That’s a different scenario entirely @seekingwolf. Leaving your child in the car while you go to the shops (or the casino as has been reported here) is unforgivable. Being distracted and forgetting the child is even in the car is not the same thing.

Judi's avatar

Thanks @nikipedia . I was a perfect candidate.

seekingwolf's avatar

@Judi as tired as you would have been, I don’t think you would have done that. I can understand the fear though.

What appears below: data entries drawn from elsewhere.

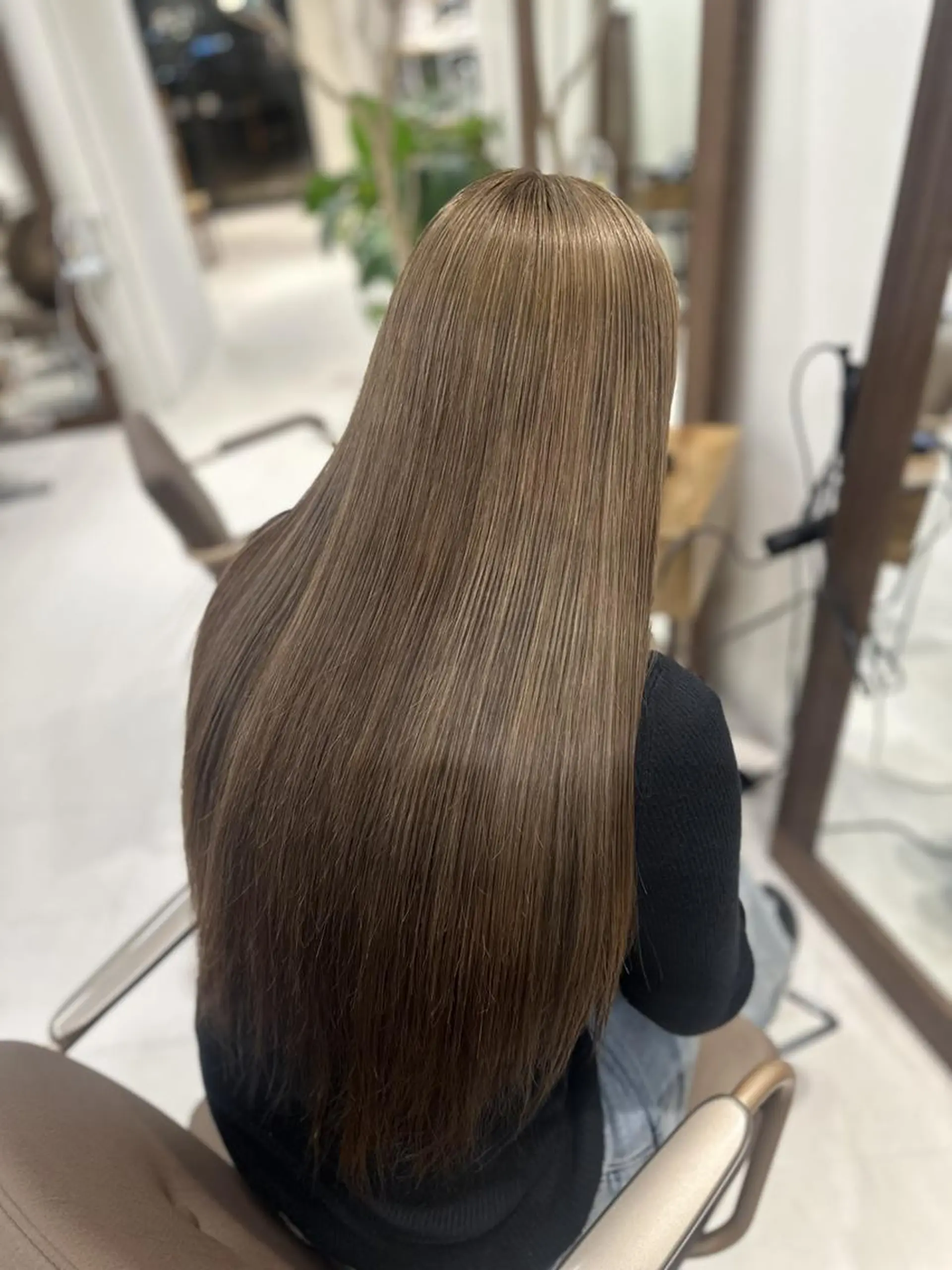 ロング カラー ブリーチ ケアブリーチ 透明感カラー ハイトーンカラー ヘアカラー トリートメント Liru:smart salon/茅ヶ崎のヘアスタイル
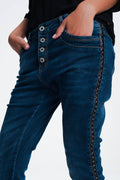 Jeans cravejados olhar de couro
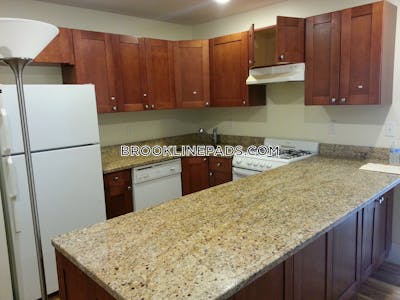Brookline 3 Beds 1 Bath  Boston University - $5,335 No Fee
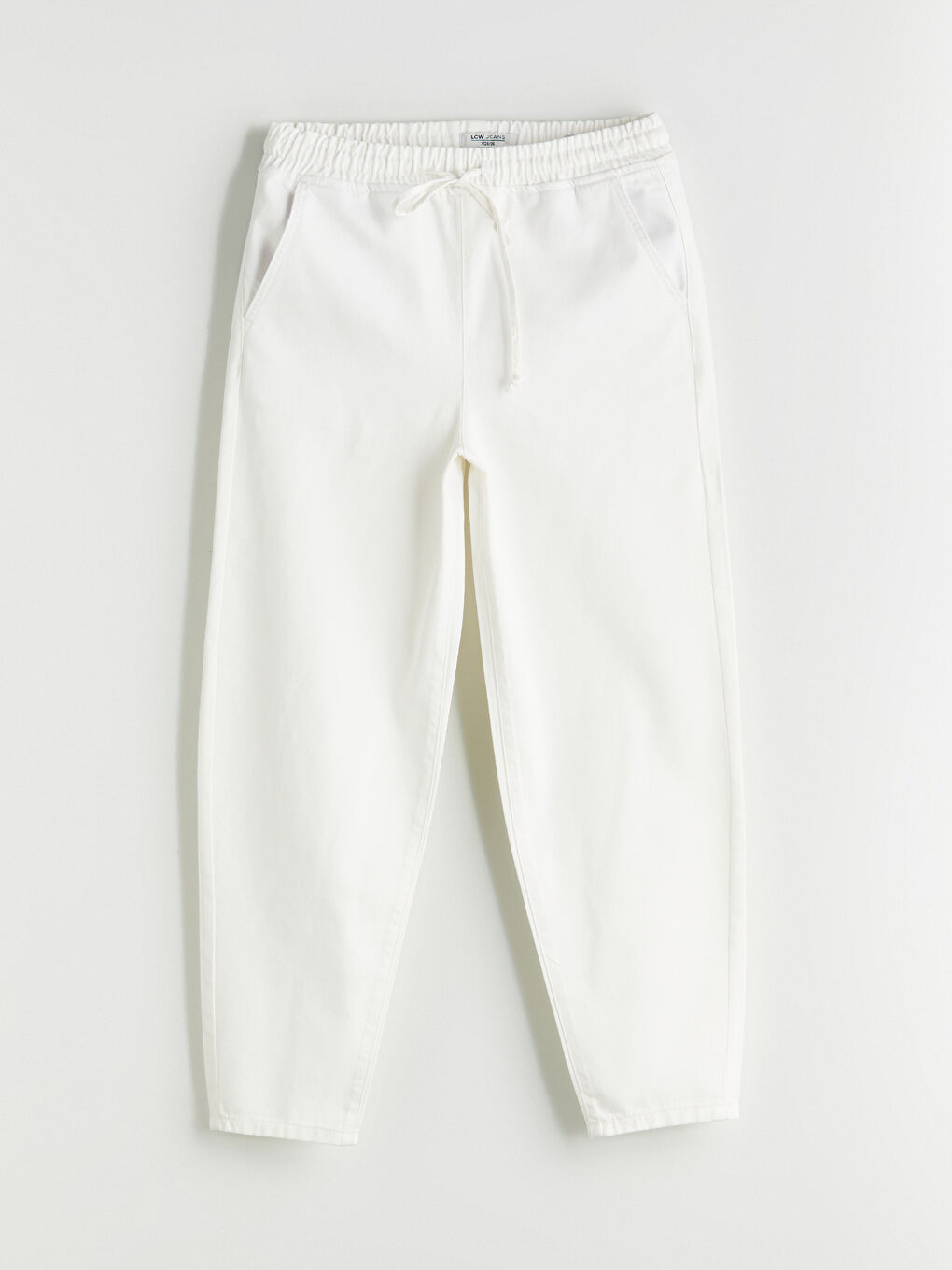 Beyaz Beli Lastikli Mom Fit Kadın Jean Pantolon-4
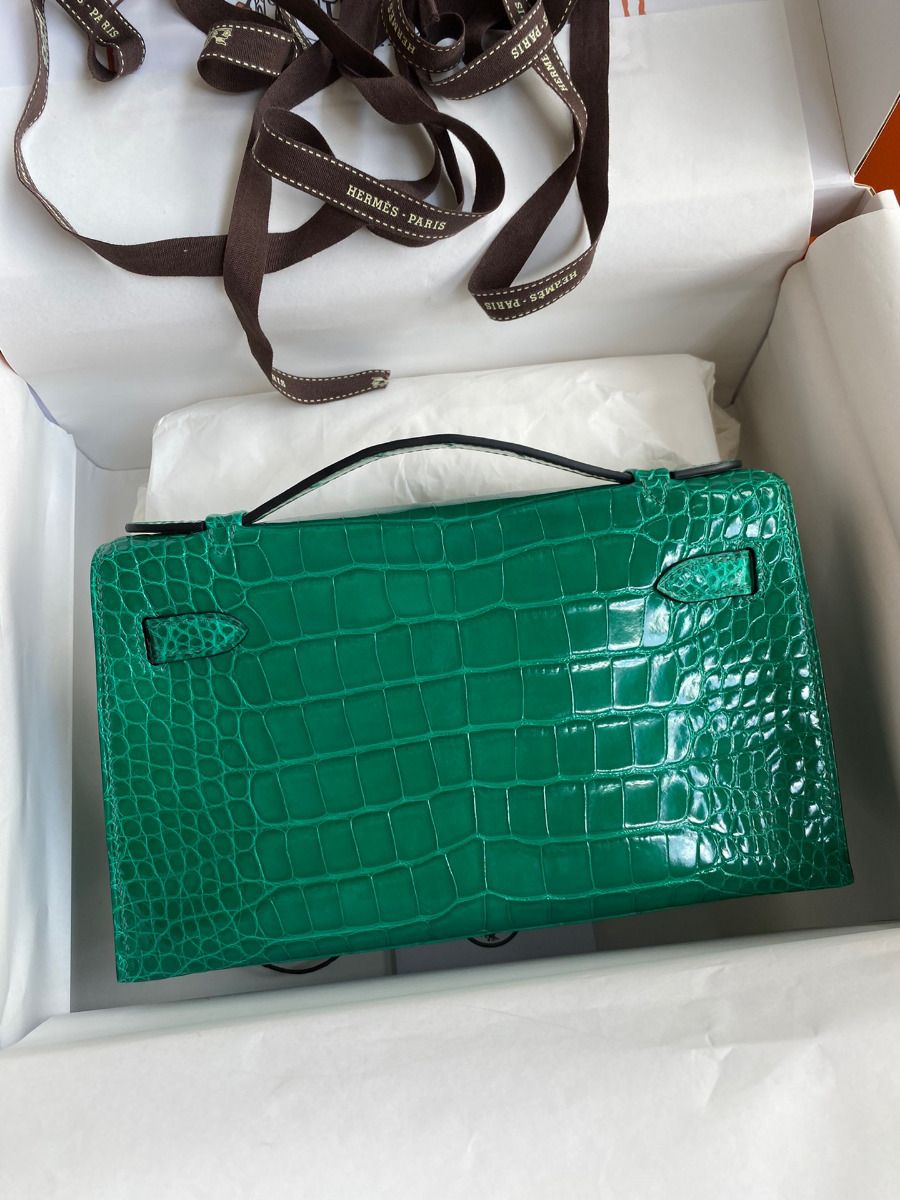 Hermes Kelly Pochette Handmade Bag In Vert Emerald Shiny Alligator Leather - Image 3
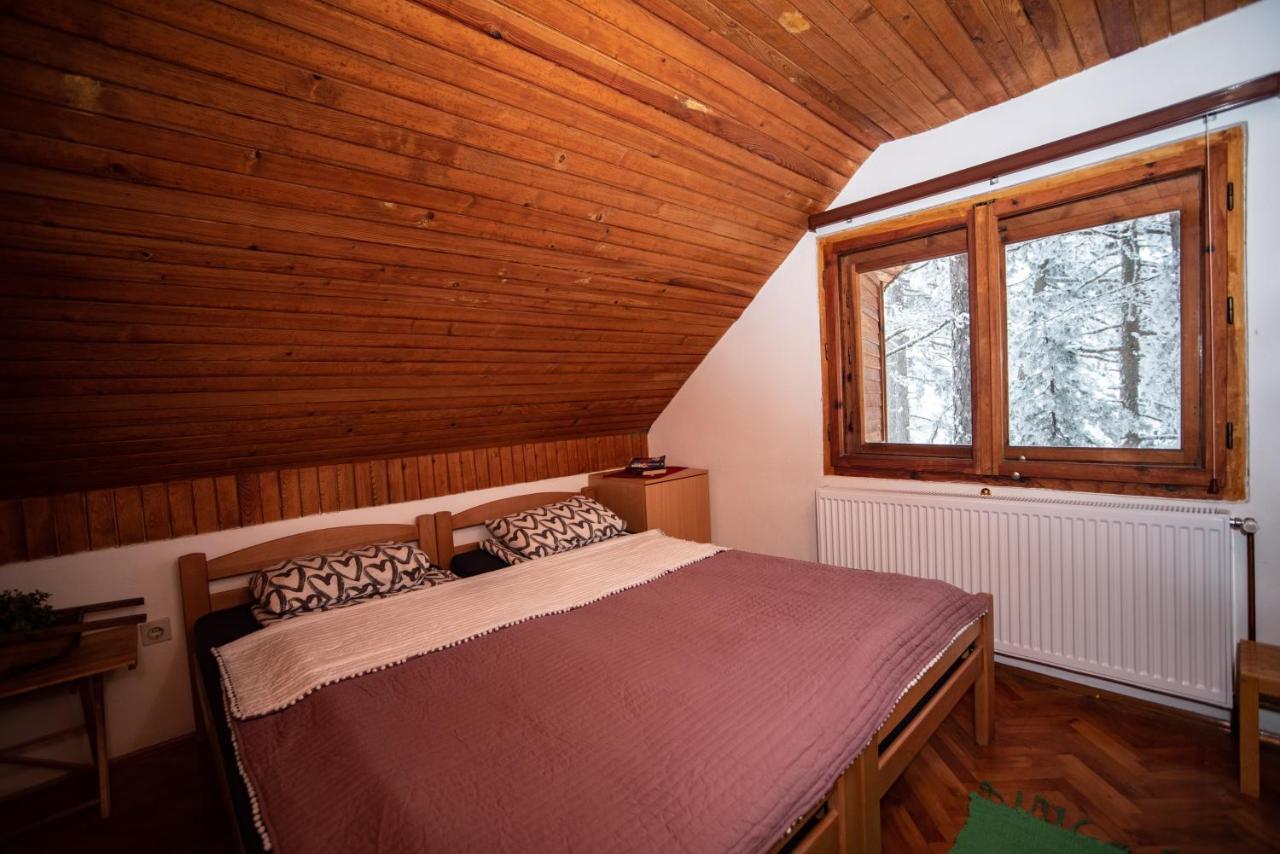 Rustic Home Tara Kaludjerske Bare Luaran gambar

@Bellatrix I agree, there’s a big difference. Although when a child is left behind for 45+ min in a hot, hot car, I do begin to doubt the “forgetfulness” excuse. That’s just me though.

Judi's avatar

@seekingwolf , after reading @nikipedia ‘s post I really think I could have. I was known to forget to pick them up from daycare when under some of the worst stress.
The brain has a way of forgettng some of the worst, but I vaugly remember getting to work and thinking, “Oh crap, I forgot to go to the sitter.” That’s probably why I had those panic nightmares.

Bellatrix's avatar

If you’re on autopilot and went into your office. Started your day with no recognition your child was even in the car, I can quite see someone not realising until they get a call saying ‘where is…’ or ‘do you have…?’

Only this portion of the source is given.